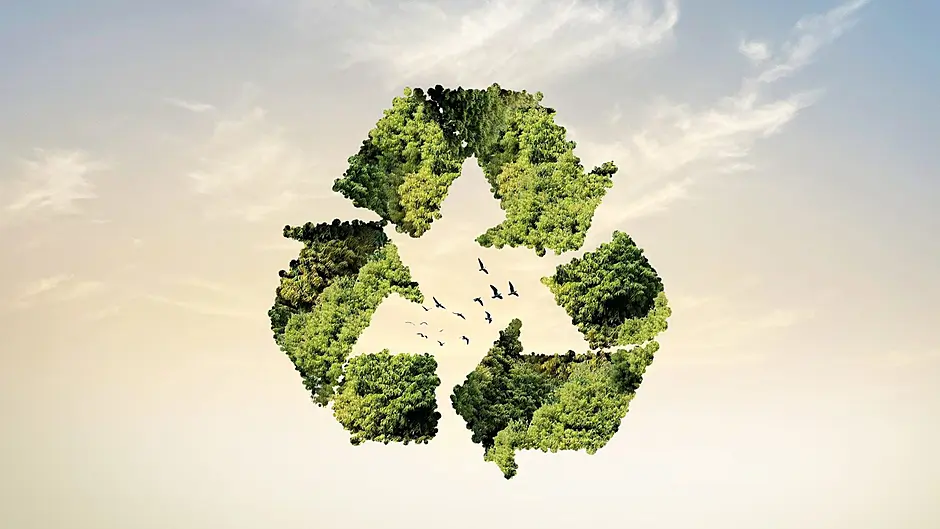 Skibbereen students creating a ‘Buzz’ around new eco gum innovation Image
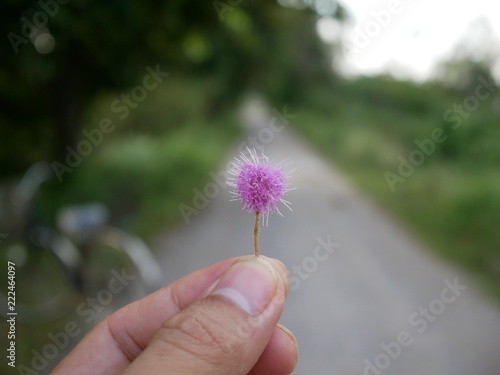 flower in a hand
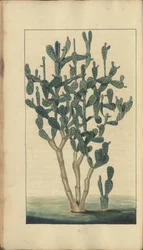 Strona z „Elegancies of Jamaica”, 258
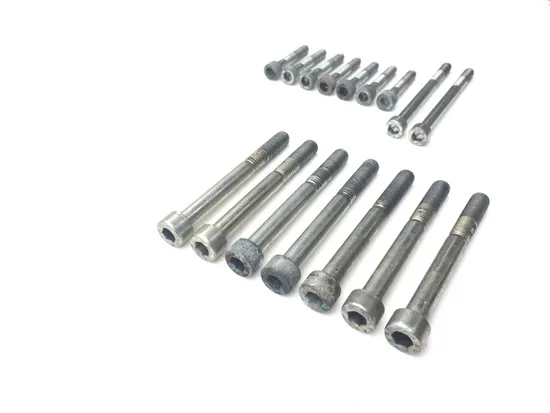 Engine Left Right Center Case Bolts 2015 Ducati Scrambler Urban Enduro 2814A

################

:: What to produce ::
Apart from the pictures, every line above must be printed exactly.

:: Output below ::
 Skibbereen students creating a ‘Buzz’ around new eco gum innovation Image
 flower in a hand
 Strona z „Elegancies of Jamaica”, 258
 Engine Left Right Center Case Bolts 2015 Ducati Scrambler Urban Enduro 2814A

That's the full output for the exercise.